[Scraped caption text data]
···
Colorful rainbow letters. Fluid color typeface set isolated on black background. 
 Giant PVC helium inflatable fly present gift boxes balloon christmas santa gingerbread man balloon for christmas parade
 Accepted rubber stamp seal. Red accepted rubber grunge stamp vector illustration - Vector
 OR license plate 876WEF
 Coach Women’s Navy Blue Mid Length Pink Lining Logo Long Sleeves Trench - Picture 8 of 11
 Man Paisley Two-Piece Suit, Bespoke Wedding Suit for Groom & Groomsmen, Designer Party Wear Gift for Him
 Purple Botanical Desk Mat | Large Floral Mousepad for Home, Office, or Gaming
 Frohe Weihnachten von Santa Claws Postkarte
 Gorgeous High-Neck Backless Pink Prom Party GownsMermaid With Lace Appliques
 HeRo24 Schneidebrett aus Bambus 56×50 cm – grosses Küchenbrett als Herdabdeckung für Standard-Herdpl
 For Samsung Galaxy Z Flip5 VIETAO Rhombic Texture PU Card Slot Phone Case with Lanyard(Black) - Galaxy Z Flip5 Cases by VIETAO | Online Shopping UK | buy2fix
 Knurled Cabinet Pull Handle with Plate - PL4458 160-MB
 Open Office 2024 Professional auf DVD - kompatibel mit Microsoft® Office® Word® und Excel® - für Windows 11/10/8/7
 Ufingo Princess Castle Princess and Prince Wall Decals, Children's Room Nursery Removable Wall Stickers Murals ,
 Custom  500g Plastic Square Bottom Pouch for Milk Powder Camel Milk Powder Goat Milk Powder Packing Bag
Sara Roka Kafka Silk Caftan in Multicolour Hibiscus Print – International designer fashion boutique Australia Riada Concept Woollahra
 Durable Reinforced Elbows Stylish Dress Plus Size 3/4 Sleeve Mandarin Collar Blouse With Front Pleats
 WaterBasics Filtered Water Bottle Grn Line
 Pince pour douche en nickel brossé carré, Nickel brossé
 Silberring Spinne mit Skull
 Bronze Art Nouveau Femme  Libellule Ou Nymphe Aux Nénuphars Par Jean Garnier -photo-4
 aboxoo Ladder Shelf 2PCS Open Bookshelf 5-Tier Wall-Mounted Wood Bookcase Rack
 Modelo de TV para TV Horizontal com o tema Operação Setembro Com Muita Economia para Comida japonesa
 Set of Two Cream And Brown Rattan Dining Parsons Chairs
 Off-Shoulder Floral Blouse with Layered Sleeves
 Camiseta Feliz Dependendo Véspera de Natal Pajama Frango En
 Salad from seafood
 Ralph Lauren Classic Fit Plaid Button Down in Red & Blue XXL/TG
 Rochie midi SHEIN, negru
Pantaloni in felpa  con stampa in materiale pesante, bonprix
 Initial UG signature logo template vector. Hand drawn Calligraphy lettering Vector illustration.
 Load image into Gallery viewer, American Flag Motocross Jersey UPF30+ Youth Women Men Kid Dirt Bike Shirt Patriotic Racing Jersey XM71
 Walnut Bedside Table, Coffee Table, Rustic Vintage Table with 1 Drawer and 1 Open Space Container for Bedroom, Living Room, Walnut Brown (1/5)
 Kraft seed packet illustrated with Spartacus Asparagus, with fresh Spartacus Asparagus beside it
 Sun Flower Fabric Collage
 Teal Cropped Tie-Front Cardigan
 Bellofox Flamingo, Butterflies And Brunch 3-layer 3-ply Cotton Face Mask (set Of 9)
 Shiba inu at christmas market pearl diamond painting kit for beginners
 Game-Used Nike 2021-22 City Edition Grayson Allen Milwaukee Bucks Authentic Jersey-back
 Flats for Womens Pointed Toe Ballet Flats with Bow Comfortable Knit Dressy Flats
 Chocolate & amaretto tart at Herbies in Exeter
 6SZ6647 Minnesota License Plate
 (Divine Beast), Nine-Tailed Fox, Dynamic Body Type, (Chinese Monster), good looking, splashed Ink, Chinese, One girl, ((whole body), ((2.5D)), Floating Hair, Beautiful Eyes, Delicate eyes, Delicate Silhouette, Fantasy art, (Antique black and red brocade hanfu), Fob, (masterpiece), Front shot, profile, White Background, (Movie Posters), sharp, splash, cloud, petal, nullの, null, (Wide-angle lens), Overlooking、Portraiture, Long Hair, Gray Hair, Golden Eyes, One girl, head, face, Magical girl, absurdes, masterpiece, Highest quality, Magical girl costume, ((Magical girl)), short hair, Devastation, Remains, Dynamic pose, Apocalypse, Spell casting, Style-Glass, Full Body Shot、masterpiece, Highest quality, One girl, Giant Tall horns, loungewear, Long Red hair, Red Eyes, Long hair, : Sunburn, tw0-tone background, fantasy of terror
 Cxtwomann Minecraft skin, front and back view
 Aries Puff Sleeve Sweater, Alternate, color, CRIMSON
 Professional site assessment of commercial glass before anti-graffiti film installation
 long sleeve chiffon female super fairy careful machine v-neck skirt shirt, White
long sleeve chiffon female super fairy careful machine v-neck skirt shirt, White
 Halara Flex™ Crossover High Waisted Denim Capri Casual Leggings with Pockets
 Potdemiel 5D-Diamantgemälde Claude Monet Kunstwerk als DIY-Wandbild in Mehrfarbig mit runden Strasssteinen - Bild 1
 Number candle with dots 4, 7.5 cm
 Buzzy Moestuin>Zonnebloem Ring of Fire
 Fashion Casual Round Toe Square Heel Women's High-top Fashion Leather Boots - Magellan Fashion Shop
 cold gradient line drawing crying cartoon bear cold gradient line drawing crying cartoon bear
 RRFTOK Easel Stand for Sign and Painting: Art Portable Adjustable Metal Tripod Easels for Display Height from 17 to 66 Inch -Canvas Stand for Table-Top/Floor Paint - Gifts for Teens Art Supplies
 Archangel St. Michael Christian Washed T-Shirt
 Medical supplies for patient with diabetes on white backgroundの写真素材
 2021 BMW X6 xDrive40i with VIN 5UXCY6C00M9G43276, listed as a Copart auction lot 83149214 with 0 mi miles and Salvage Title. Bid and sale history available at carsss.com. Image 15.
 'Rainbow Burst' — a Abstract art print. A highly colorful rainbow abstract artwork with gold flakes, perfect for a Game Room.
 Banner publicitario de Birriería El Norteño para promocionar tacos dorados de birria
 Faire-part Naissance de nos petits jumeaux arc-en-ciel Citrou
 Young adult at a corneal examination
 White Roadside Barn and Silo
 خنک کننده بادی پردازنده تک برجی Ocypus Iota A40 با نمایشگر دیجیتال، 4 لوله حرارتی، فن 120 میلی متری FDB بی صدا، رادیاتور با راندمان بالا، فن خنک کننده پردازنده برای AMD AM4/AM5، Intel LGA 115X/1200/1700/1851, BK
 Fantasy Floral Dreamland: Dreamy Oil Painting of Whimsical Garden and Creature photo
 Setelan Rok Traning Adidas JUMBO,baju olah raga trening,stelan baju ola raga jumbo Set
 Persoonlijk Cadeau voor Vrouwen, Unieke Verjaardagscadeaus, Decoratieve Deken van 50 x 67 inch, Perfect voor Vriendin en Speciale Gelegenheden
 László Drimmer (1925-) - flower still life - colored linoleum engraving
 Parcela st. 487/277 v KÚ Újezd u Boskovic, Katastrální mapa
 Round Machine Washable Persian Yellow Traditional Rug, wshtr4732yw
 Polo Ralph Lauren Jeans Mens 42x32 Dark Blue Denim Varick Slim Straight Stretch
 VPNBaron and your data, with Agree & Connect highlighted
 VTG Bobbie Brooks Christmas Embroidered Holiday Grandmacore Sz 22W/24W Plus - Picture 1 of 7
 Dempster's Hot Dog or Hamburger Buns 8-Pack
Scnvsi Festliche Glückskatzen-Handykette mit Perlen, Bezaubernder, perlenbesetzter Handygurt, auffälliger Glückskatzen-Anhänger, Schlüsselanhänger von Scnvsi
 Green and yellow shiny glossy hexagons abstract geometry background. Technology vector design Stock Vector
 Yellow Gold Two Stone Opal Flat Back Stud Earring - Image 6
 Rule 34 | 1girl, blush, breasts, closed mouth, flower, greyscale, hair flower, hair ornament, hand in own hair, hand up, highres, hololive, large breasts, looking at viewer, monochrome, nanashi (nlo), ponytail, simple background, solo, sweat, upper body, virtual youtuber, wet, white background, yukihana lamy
···
Exercise aim: Keeping every character as it is, restate the lines above that run from the line with "Set of Two Cream" through the line with "Pantaloni in felpa", both included, and nothing else.

Exercise result:
 Set of Two Cream And Brown Rattan Dining Parsons Chairs
 Off-Shoulder Floral Blouse with Layered Sleeves
 Camiseta Feliz Dependendo Véspera de Natal Pajama Frango En
 Salad from seafood
 Ralph Lauren Classic Fit Plaid Button Down in Red & Blue XXL/TG
 Rochie midi SHEIN, negru
Pantaloni in felpa  con stampa in materiale pesante, bonprix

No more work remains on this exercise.